▶ **Exercise aim**
Without including any pictures, reproduce the full listing exactly.

▶ **Exercise data**
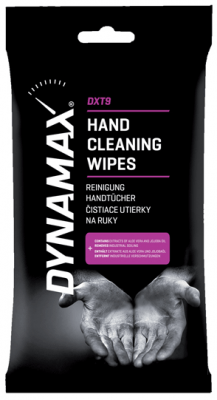 Dynamax DXT9 Čistící utěrky na ruce, 24ks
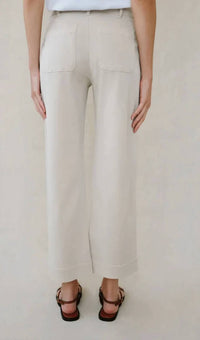 Bella Dahl - Saige Wide Leg Pant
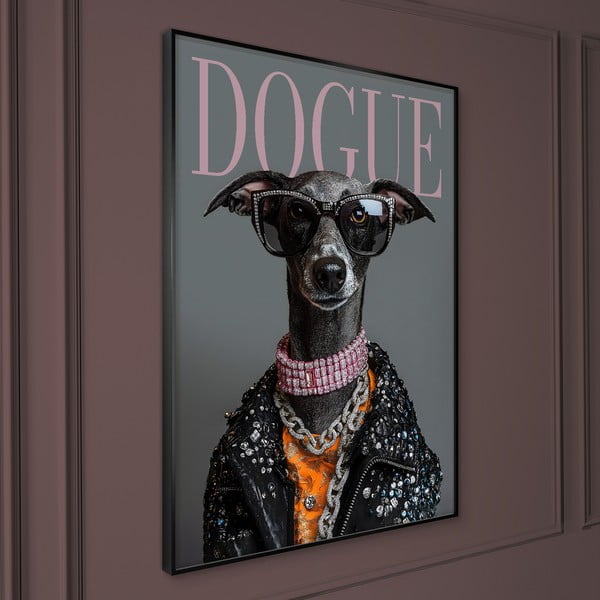 Картина 50x70 cm Dogue – Styler-image-3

▶ **Response to this task**
 Dynamax DXT9 Čistící utěrky na ruce, 24ks
 Bella Dahl - Saige Wide Leg Pant
 Картина 50x70 cm Dogue – Styler-image-3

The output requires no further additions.